● **Task to carry out**: Beginning with the line that includes "Picture of the" and ending with the last line of the entries below, set down each line exactly; include no pictures.

= Beginning of Section =

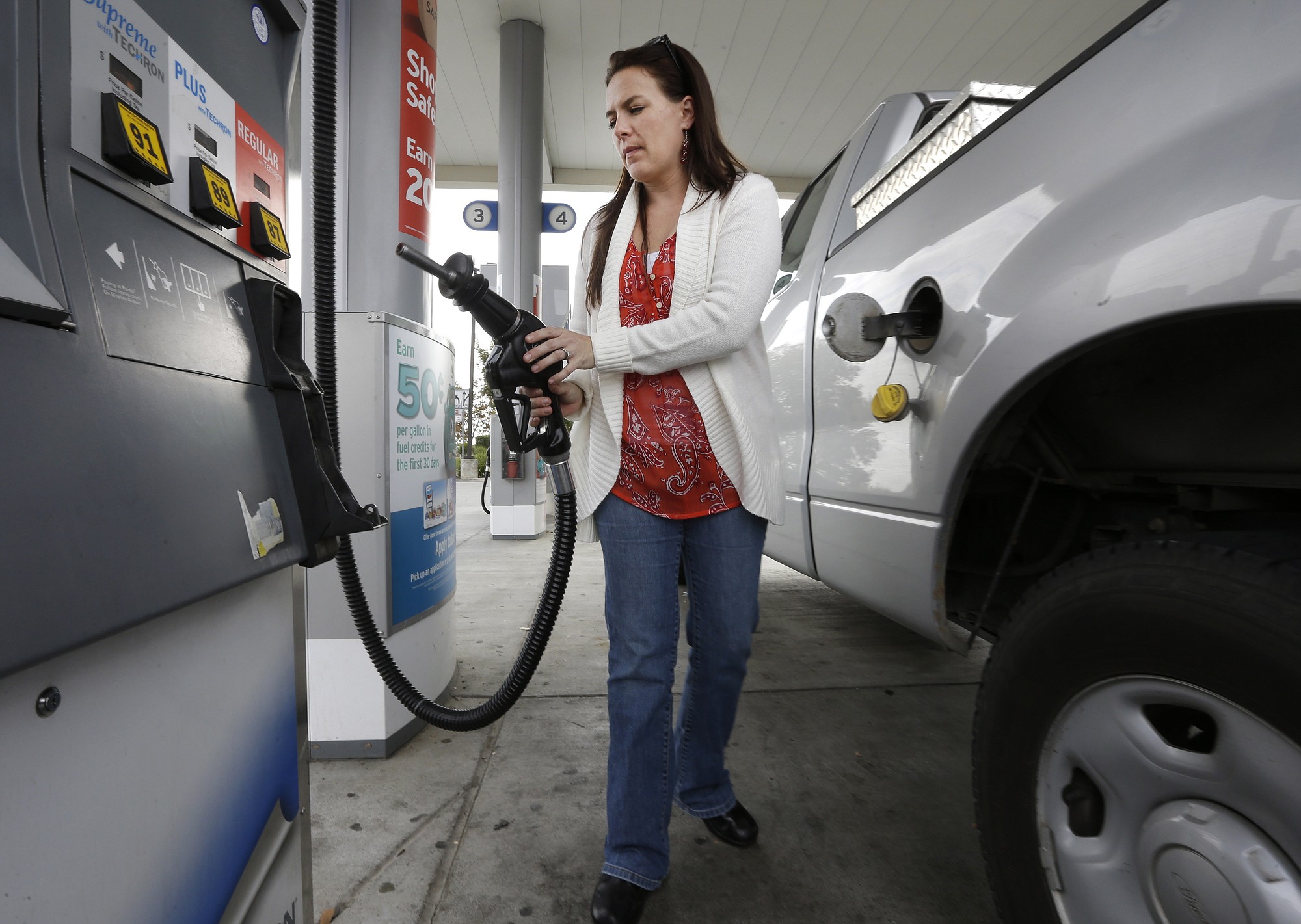 Lydia Holland replaces the gas nozzle after filling up at a gas station in Sacramento, Calif. The Energy Department on Tuesday again slashed its prediction for next year?s average price of gasoline across the U.S., this time to $2.60 a gallon. That's 23 percent below the projected average for this year and the lowest since 2009.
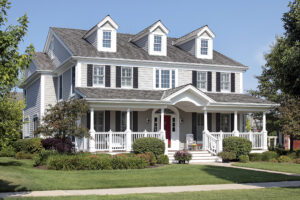 Picture of the exterior of a house with a large front porch and recently painted siding.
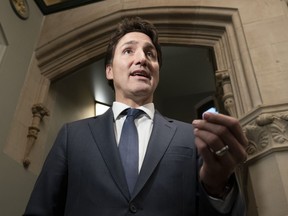 Prime Minister Justin Trudeau speaks with reporters before attending caucus on Parliament Hill, Wednesday, Oct. 19, 2022, in Ottawa.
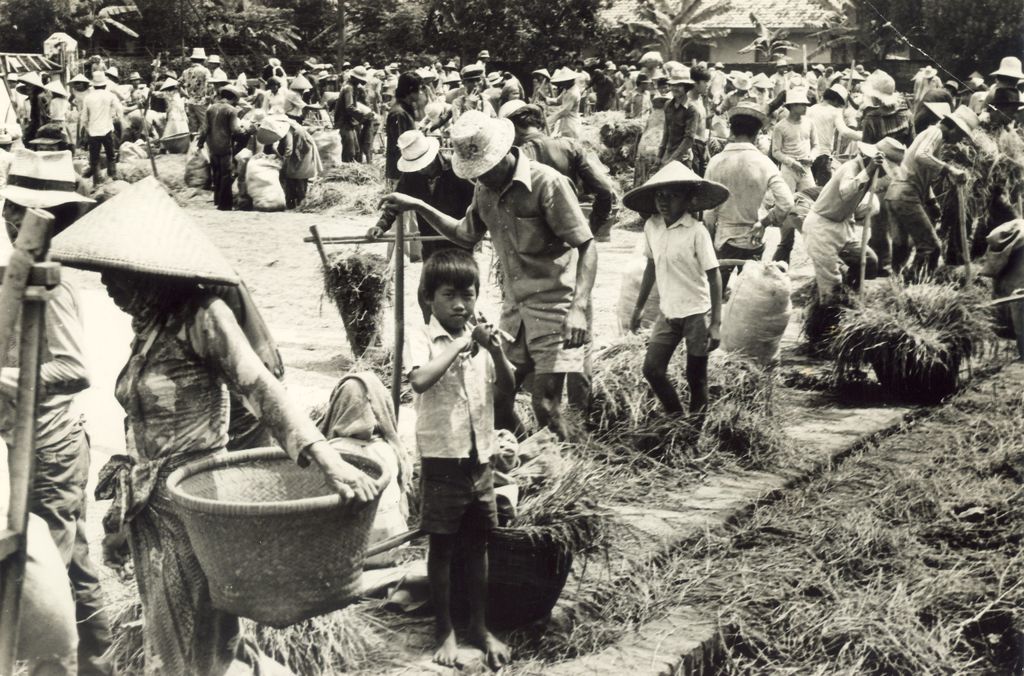Seusai panen padi di Karawang, Jawa Barat, para buruh tani dengan riang gembira menanti bagian hasilnya Padi yang mereka terima tidak banyak karena enam bagian untuk pemilik sawah, sementara satu bagian dibagi ramai-ramai di antara pemanen. Foto diambil pada tahun 1984.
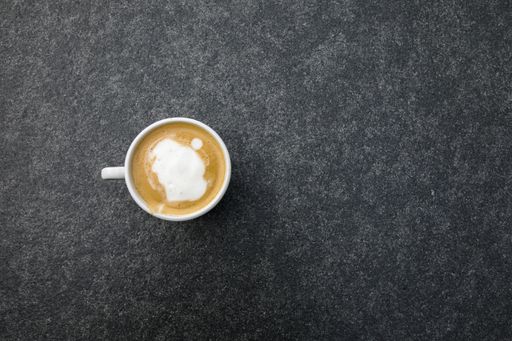 A top view of a cup of cappuccino coffee on a concrete surface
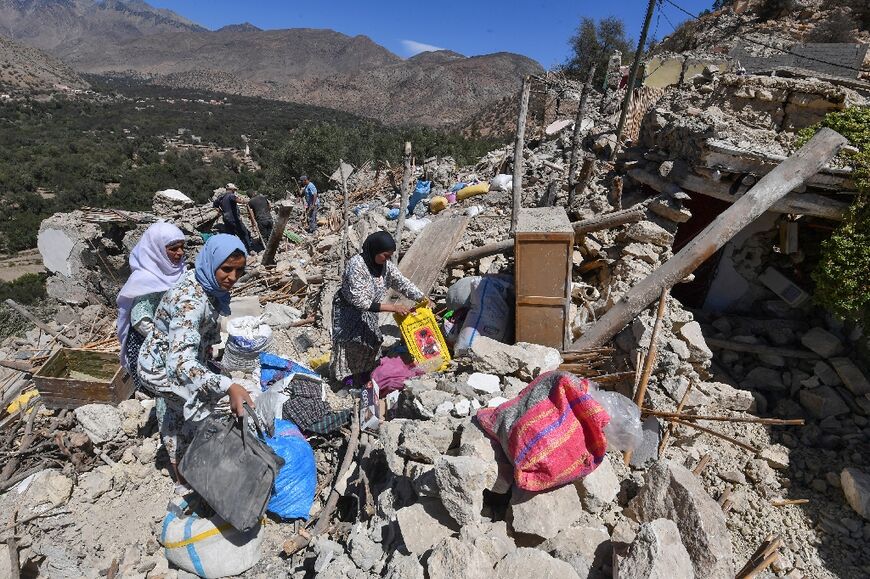Residents salvage belongings from the rubble of Imoulas village in Taroudant province, one of the most devastated in quake-hit Morocco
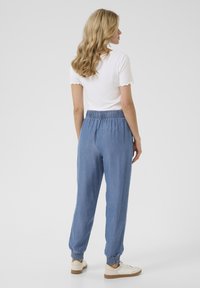 Joggers de denim azul claro con cinturilla elástica y dobladillos ajustados. El modelo lleva una camiseta blanca de canalé, mostrando un diseño simple.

= End of Section =

● **Result**:
 Picture of the exterior of a house with a large front porch and recently painted siding.
 Prime Minister Justin Trudeau speaks with reporters before attending caucus on Parliament Hill, Wednesday, Oct. 19, 2022, in Ottawa.
Seusai panen padi di Karawang, Jawa Barat, para buruh tani dengan riang gembira menanti bagian hasilnya Padi yang mereka terima tidak banyak karena enam bagian untuk pemilik sawah, sementara satu bagian dibagi ramai-ramai di antara pemanen. Foto diambil pada tahun 1984.
 A top view of a cup of cappuccino coffee on a concrete surface
Residents salvage belongings from the rubble of Imoulas village in Taroudant province, one of the most devastated in quake-hit Morocco
 Joggers de denim azul claro con cinturilla elástica y dobladillos ajustados. El modelo lleva una camiseta blanca de canalé, mostrando un diseño simple.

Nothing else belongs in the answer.